One of the series's judges Michael Kors praised Bennett's "classy fur-trimmed and bejeweled coat"—wrote Kara A. Medalis of The Stamford Advocate—made of "a white furry throw rug and a cheap glass chandelier"—wrote Sue Hutchinson of The Mercury News—designed for the season's first challenge. She also became an early favorite of DiLuna, who named her a "contender to the crown"; (Note: Amy DiLuna named also Robert Best and Malan Breton "contender[s] to the crown". She named Keith Michael also a "contender to the crown" and the "1st Winner" before his disqualification later in the third season.) and of Medalis.

In the fourth episode, the winning team of the episode's challenge consisted of Bennett, Mychael Knight, and the team captain Angela Kesslar. In effort to help the team win, Bennett and Knight collaborated by restraining "Keslar's artsy-craftsy tendencies and even find[ing] ways to make her Rococo-style rosettes look tasteful." USA Today named Bennett and Knight's collaboration one of "best decisions" of the reality television week ending August 7, 2006. By then, columnist Dave Walker of The Times-Picayune named Bennett "one of its most colorful, and competent, ever" of the first three seasons of the series.

===Later period of the season===
Bennett became one of the final four after the "black-and-white cocktail dress challenge" in the tenth episode. (Note: Kayne Gillaspie and the two reinstated contestants Vincent Libretti and Angela Keslar were eliminated in the tenth episode of the third season.) Rather than eliminate a contestant as previously done in prior seasons, all remaining four, including Bennett, then became finalists after the final pre-Fashion Week challenge of the season. She, like each of other finalists, received an $8,000 budget for her own collection.

For the Fashion Week, Bennett's collection contained "luxurious evening wear heavy on lace and sleek silhouettes," "a long-sleeved black lace dress" containing a "black feather trim from the waist to the short hemline", and "a shiny gray gown [with] a yellow velvet belt," wrote the Associated Press. As noted by the Fashion Wire Daily, the collection included also "[y]outhful details like ostrich feathers and jewel toned accents", contrary to her tasteful "overly mature and conservative designs" she had done throughout the season. Before the Fashion Week, Kim Crow of The Plain Dealer previewed Bennett's collection as "the strongest, most commercially viable" per "[w]ord on the street". (Note: Kim Crow previewed Uli Herzner's Fashion Week collection as also "the strongest, most commercially viable" per "[w]ord on the street".) When the Fashion Week arrived, Kara G. Morrison of The Detroit News noted Bennett's collection using "mostly nude and black hues".

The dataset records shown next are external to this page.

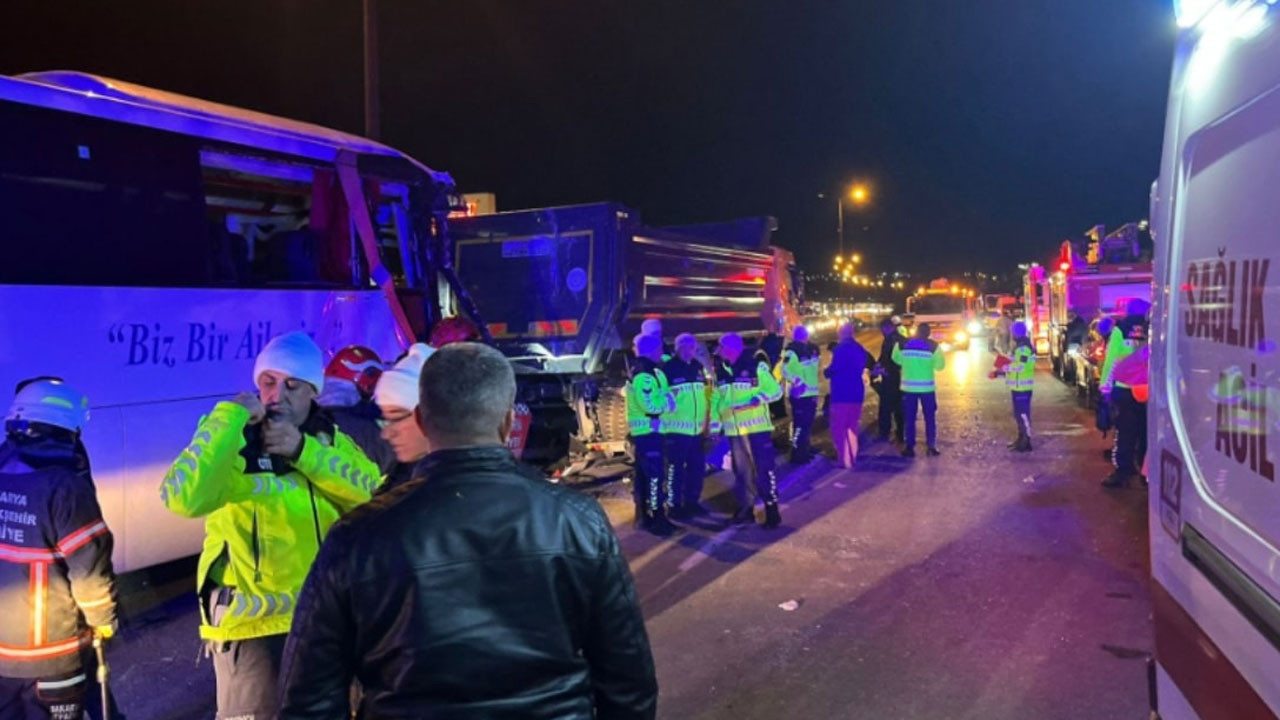 Anadolu Otoyolu’ndaki zincirleme kaza! Ölü ve çok sayıda yaralı var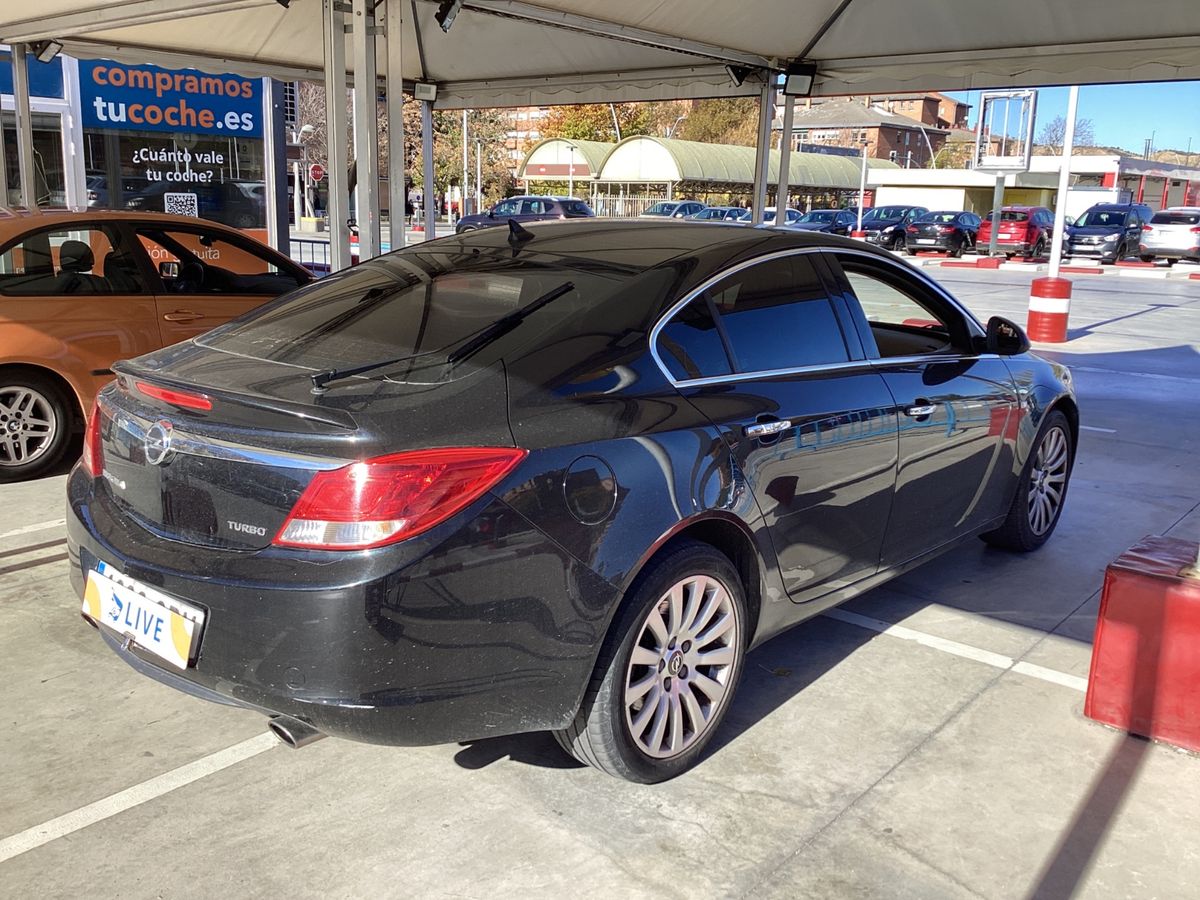 Opel Insignia 1.6 Turbo Cosmo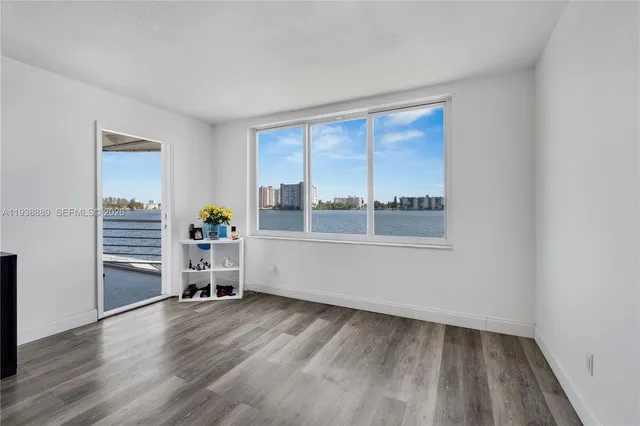 $170,000 | 1140 Northeast 191st Street, Unit 24, Miami, FL 33179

In the penultimate episode of the season, Part One of the Finale, Bennett accused another finalist Jeffrey Sebelia of receiving help from external sources in order to sew his collection. She cited Sebelia's mother, who befriended and then spread the rumor to Bennett's mother, who then spread this to her daughter. In the season finale, Part Two of the Finale, the producers did not find proof to support her claim, so they cleared Sebelia from any wrongdoing. (Note: However, Jeffrey Sebelia self-proved to have exceeded the budget allowed, so he forewent the wigs off the collection before the finale runway show.) Tara Merrin of The Calgary Sun named the accusation scene one of "best scandal" moments on reality television of 2006.

At the Fashion Week, the judges found Bennett's collection "exquisitely crafted [...] but too limited." She became the second runner-up to crowned winner Sebelia. (Note: At the end of the third season, Uli Herzner became the first runner-up; Mychael Knight, third runner-up.)

===Reception as a finalist===
At time of original airing in 2006, before the final four became officially finalists, Jill Radsken of the Boston Herald named Bennett and Uli Herzner "both letdowns", noting Bennett appearing "exhausted, and her collection reflected low energy." Michelle Greppi of the TelevisionWeek magazine thought that Bennett or Uli Herzner should have won instead of Sebelia. Greppi further predicted that Herzner's and Bennett's collections "would sell out at high-end department stores throughout the country". (Note: Michelle Greppi called Jeffrey Sebelia's win a "bummer [sic]" moment of the week ending October 23, 2006, and predicted that his collection "would appeal to only one out of 10 women.") Kara G. Morrison of The Detroit News praised Bennett's collection as "dazzling" and "elegant and youthful". The Orlando Sentinel columnist Liz Langley noted Bennett "nearly" maintaining "her poise" throughout the season, despite her pregnancy or pressure, and appearing "like a countess but work[ing] like an ant". Ramin Setoodeh of Newsweek in February 2008 found Bennett "robbed of the Runway crown".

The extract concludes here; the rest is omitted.